# photo of Maj. David Preaux and his machine gun-toting four-year-old son Patrick



## GAP (5 Oct 2007)

This famous photo of Maj. David Preaux and his machine gun-toting four-year-old son Patrick at a CFB Shilo family event stirred huge controversy almost 20 years ago. 

Now, Patrick is a captain in the Forces and his father is in Afghanistan. 

Front Page - Winnipeg Free Press


----------



## c1984ml (5 Oct 2007)

Spouse of member here.

We were at that Family Day (that isn't Dave by the way) and I really don't remember the controversy.  Just goes to show how out of the loop we were in the boonies of Shilo!!      I do remember how much my kids enjoyed Family Day - they were some of the best ones we ever attended!   They loved seeing what their dad did when he left the house and they loved being part of his day.  A bit of a shame that budget constraints/political correctness changed them to a "prettier" thing.


----------



## GAP (5 Oct 2007)

I do not remember the controversy either....maybe only is some reporter's mind so they had something to put on the front page of the Free Press. 

It was a time when kids and guns was not a death knell for society and we were supposed to ask ourselves where we had gone wrong....

good to hear from you, puts the picture into perspective.


----------



## sigtech (5 Oct 2007)

Hell 20 years ago , it wasn't any big deal to be brought up around guns and own one at a young age. Hell my father bought me my first shotgun at the age of 10. If you grew up with it back then it wasn't any big deal. 

Now well there is another issue for another thread on a different day


----------



## exgunnertdo (5 Oct 2007)

The NCO in the pic is a MBdr from 26 Fd Regt.  Capt (now Maj) Preaux was the RSSO at 26 Fd at the time.


----------



## mummiebear5 (9 Oct 2007)

Is this the same Major David Preaux that was in Gagetown in the mid 90's?  Married with 4 kids?  If so, I would like to get in contact with his wife as I used to clean their PMQ on a regular basis way back when.


----------



## 1feral1 (10 Oct 2007)

A family day, a few bursts of 7.62mm blank, ear protection, whats the big deal?

We have family days here too, and yes F88's, sometimes Minimis with blanks also. All for the family to see and give a go (kids and adults under extreme supervision).

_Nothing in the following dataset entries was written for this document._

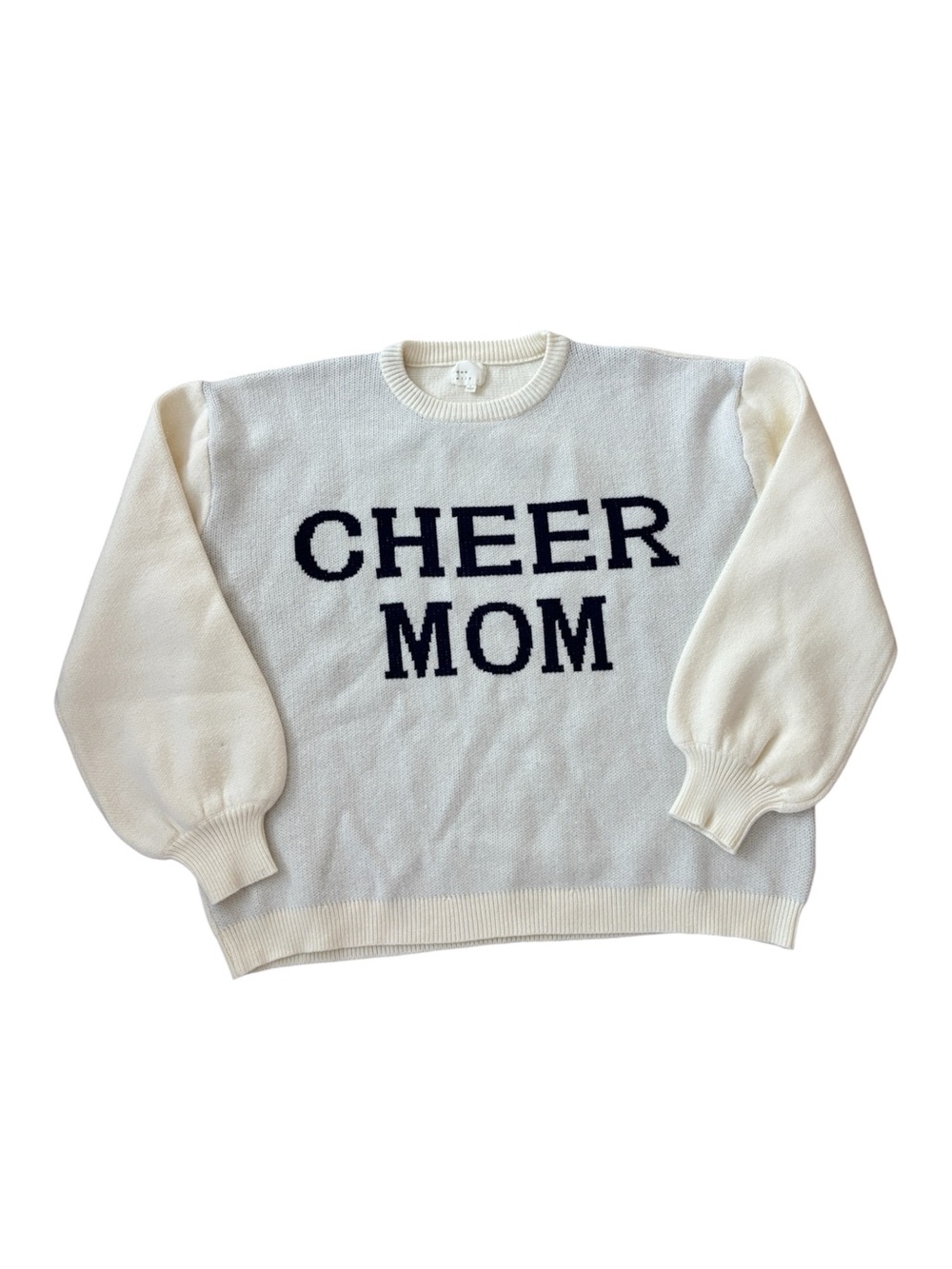 $89 Dee Elly Cream 'CHEER MOM' Knit Balloon Sleeve Sweater Large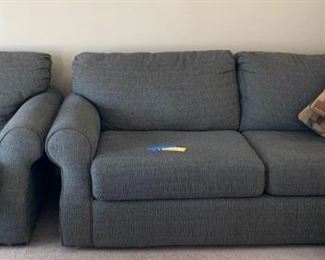 	Matching Upholstered Couch and Chair with Two Complementary Pillows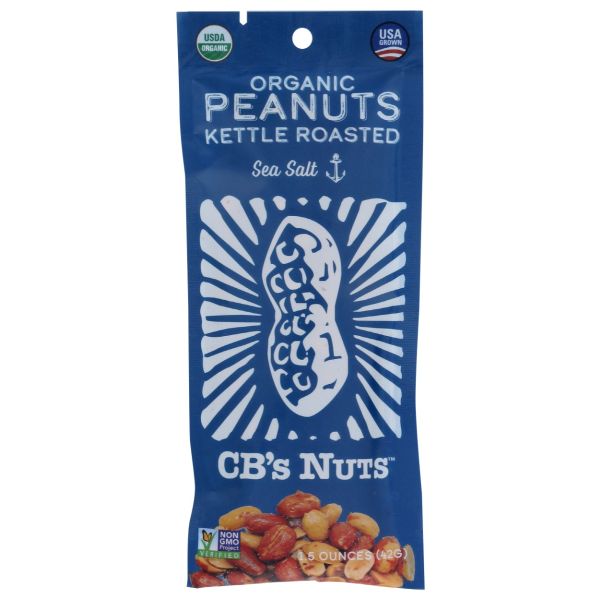 CBS NUTS: Organic Kettle Roasted Peanuts Sea Salt, 1.5 oz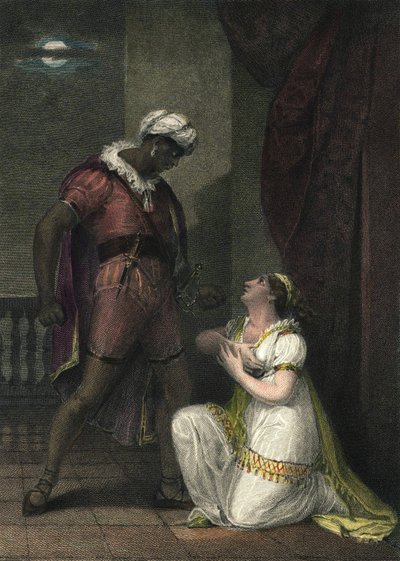 Otelo y Desdémona en Venecia. Ilustración para “Otelo” de William Shakespeare. Acto 4 escena 2. Grabado inglés de 1801 por R.K Porter de Robert Kerr Porter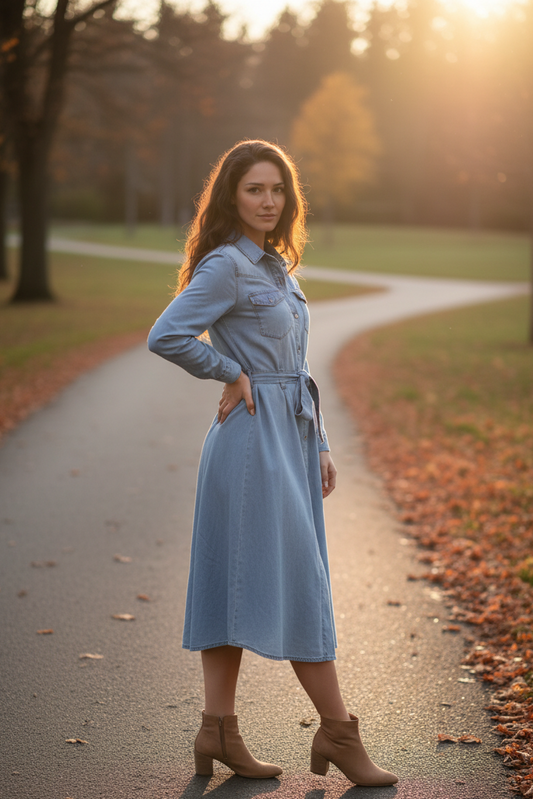 Tie Waist Button Front Denim Shirt Dress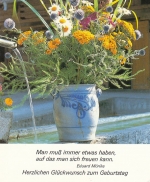 Geburtstag-Wünsche mit Sommerblumenkrug ngl E6688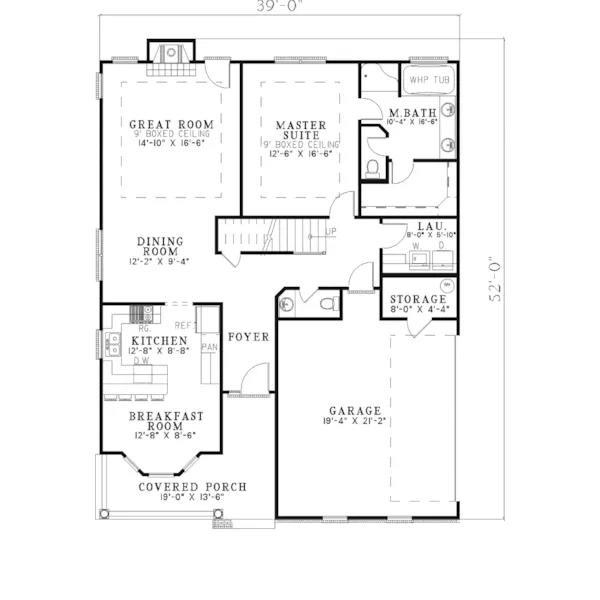 Colonial House Plan First Floor - Bolin Creek Cape Cod Style Home 055D-0282 - Search House Plans and More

My ex even fired a 105mm Hamel gun, a proof rd, known as a 'brick', live solid shot, but not HE.

Seems the press even 20 yrs back can still try to manipulate things their way.


Cheers,


Wes


----------



## retiredgrunt45 (10 Oct 2007)

We had the dog and pony shows for the families all the time. My daughter 7 yrs old at the time shot a few blank rounds from a C-6 in Baden We had the dog and pony shows, every summer just before the big air shows on the base.

The kids got to see what daddy or mommy did. Great fun.


----------